## WHAT YOU HAVE TO DO
Please restate every line below exactly, without any pictures.

## INFORMATION SUPPLIED
========================

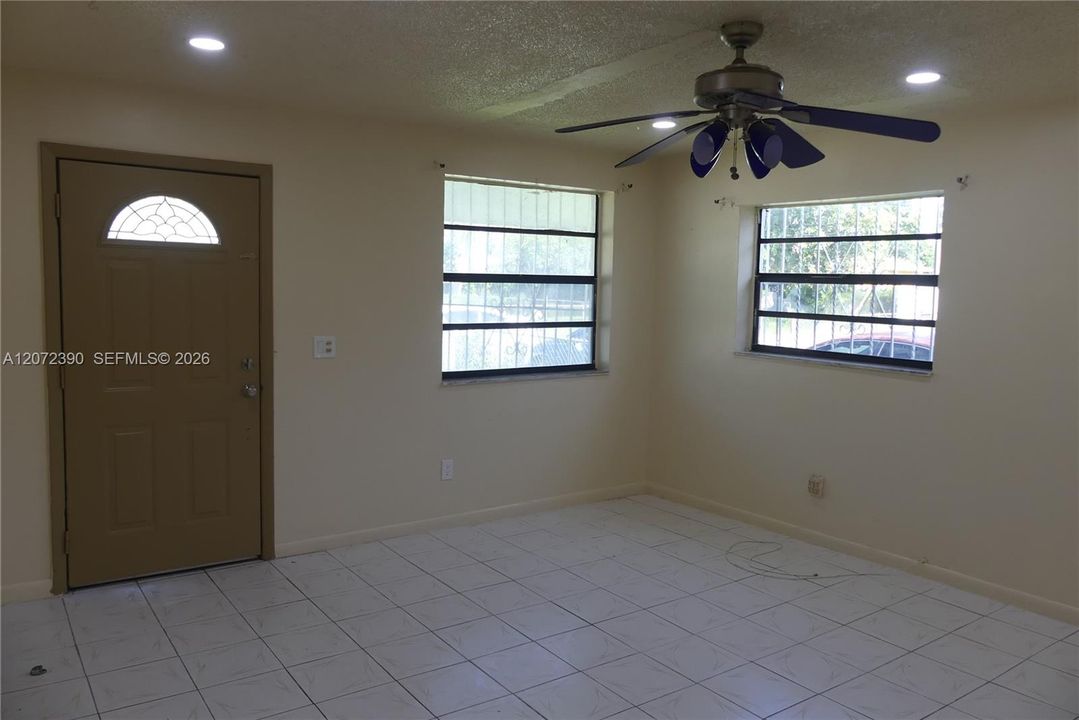 For Rent: $3,150 (3 beds, 2 baths, 1681 Square Feet)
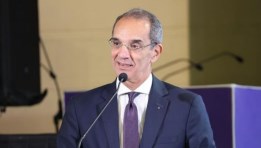 الدكتور عمرو طلعت وزير الاتصالات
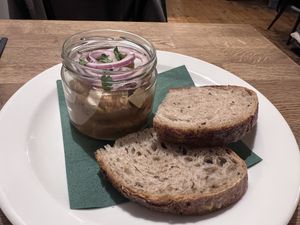 Brawn (avoid!!!)  at Střecha in Prague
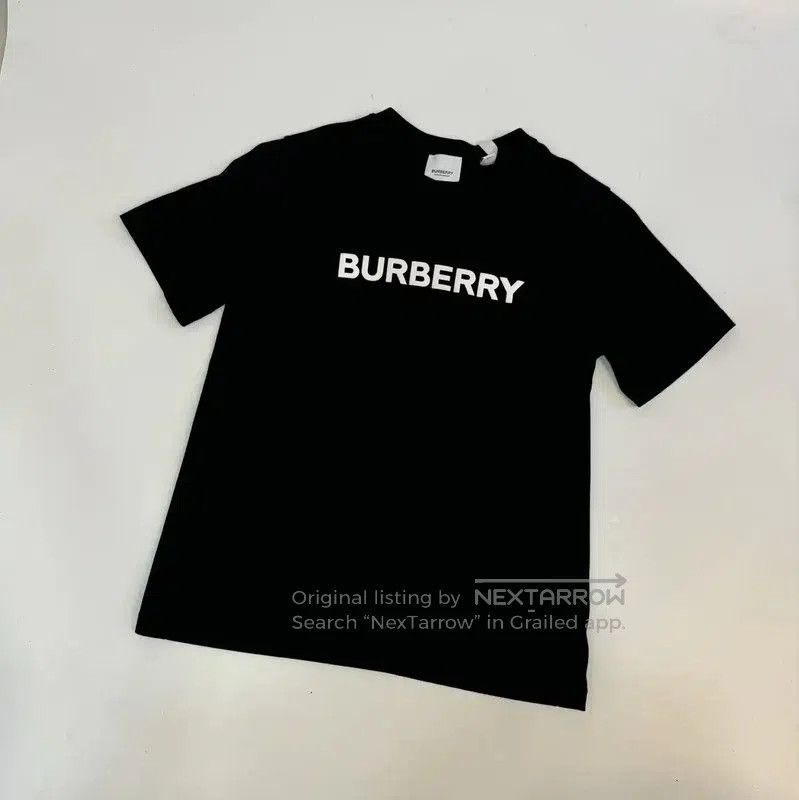 Burberry Burberry Women's Black Logo Short Sleeve T-Shirt. Size XS / US 0-2 / IT 36-38 - 1 Thumbnail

========================

## WRITTEN RESPONSE
 For Rent: $3,150 (3 beds, 2 baths, 1681 Square Feet)
 الدكتور عمرو طلعت وزير الاتصالات
 Brawn (avoid!!!)  at Střecha in Prague
 Burberry Burberry Women's Black Logo Short Sleeve T-Shirt. Size XS / US 0-2 / IT 36-38 - 1 Thumbnail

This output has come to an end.